> [What needs to be done]:
From the line containing "Right there I" through the last line below, copy every line exactly, leaving out the pictures.

[Raw data — start]

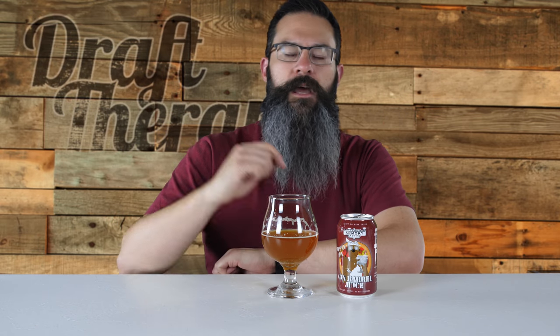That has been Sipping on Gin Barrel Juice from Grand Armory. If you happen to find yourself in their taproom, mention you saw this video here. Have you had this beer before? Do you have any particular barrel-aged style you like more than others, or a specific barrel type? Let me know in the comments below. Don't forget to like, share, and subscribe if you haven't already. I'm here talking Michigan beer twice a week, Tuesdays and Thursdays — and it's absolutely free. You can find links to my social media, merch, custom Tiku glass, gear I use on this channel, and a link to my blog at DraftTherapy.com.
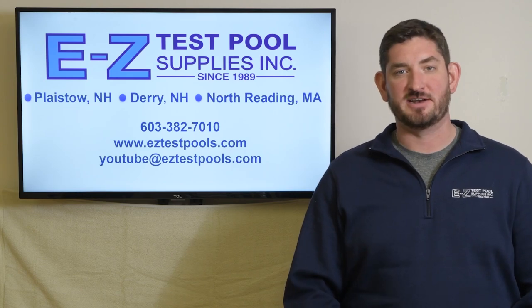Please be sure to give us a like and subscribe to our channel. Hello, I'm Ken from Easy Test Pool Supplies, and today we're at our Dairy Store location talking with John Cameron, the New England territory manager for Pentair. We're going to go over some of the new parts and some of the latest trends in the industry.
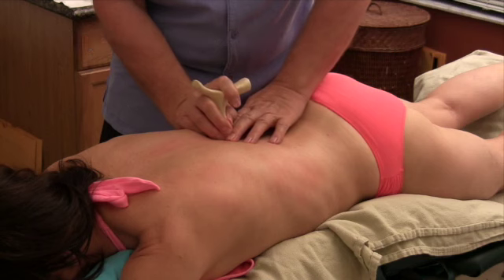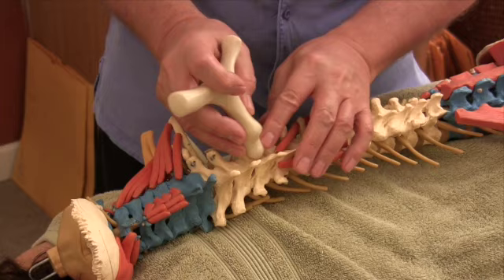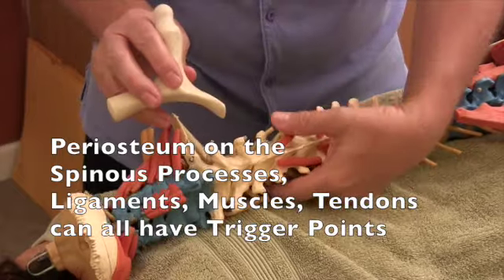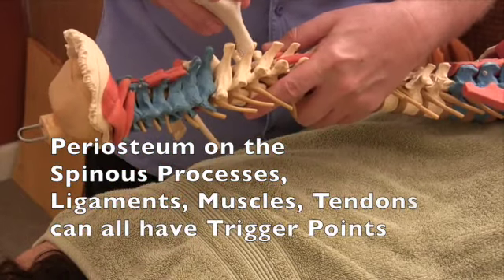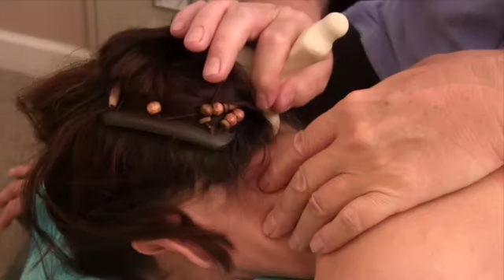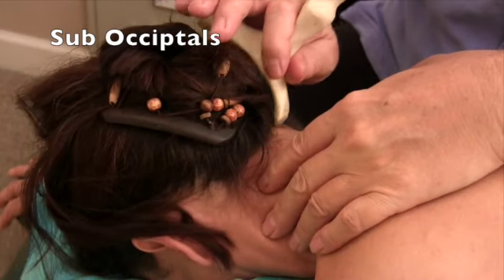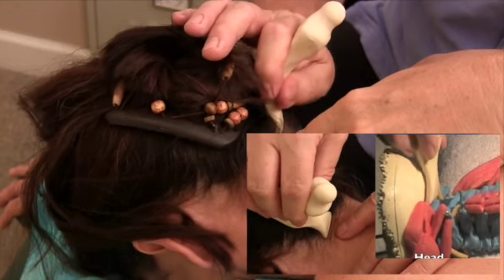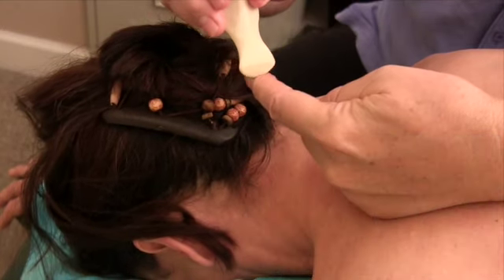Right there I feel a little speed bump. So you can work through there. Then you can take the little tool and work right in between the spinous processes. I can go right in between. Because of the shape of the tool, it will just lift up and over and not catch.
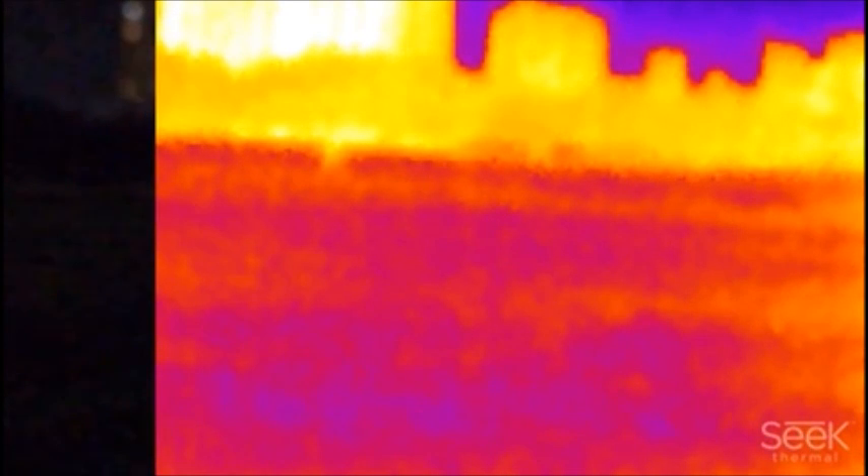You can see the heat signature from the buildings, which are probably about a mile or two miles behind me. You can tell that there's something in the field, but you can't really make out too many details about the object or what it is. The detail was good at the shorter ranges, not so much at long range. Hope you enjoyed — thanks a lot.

[Raw data — finish]

> [Task answer]:
Right there I feel a little speed bump. So you can work through there. Then you can take the little tool and work right in between the spinous processes. I can go right in between. Because of the shape of the tool, it will just lift up and over and not catch.
You can see the heat signature from the buildings, which are probably about a mile or two miles behind me. You can tell that there's something in the field, but you can't really make out too many details about the object or what it is. The detail was good at the shorter ranges, not so much at long range. Hope you enjoyed — thanks a lot.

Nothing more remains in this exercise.